[R] Reading a file w/ two delimiters
David Winsemius
dwinsemius at comcast.net
Fri Nov 18 16:26:57 CET 2011
On Nov 18, 2011, at 9:28 AM, jim holtman wrote:
> It is pretty straightforward in R:
>
>> x <- readLines(textConnection("sadf|asdf|asdf\tqwer|qwer|qwer\tzxcv|
>> zxcv|zxfcgv"))
>> closeAllConnections()
>> # convert tabs to newlines
>> x <- gsub("\t", "\n", x)
Did the rules get liberalized for escaping patterns? Or have I been
unnecessarily expending backslashes all these years. I thought that
one needed 3 blackslashes. This code does work and I am wondering if/
when I "didn't get the memo". (I do see that there is a line early in
the ?regex page that suggests I have been deluded all along.)

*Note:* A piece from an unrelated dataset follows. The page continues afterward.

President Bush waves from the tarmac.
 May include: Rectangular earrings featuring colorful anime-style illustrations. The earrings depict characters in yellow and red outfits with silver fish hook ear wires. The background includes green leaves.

"The current implementation interprets \a as BEL, \e asESC, \f as FF,
\n as LF, \r as CR and \t as TAB."
> x <- readLines(textConnection("sadf|asdf|asdf\tqwer|qwer|qwer\tzxcv|
zxcv|zxfcgv"))
> closeAllConnections()
> # convert tabs to newlines
> x2 <- gsub("\\\t", "\n", x)
> x2
[1] "sadf|asdf|asdf\nqwer|qwer|qwer\nzxcv|zxcv|zxfcgv"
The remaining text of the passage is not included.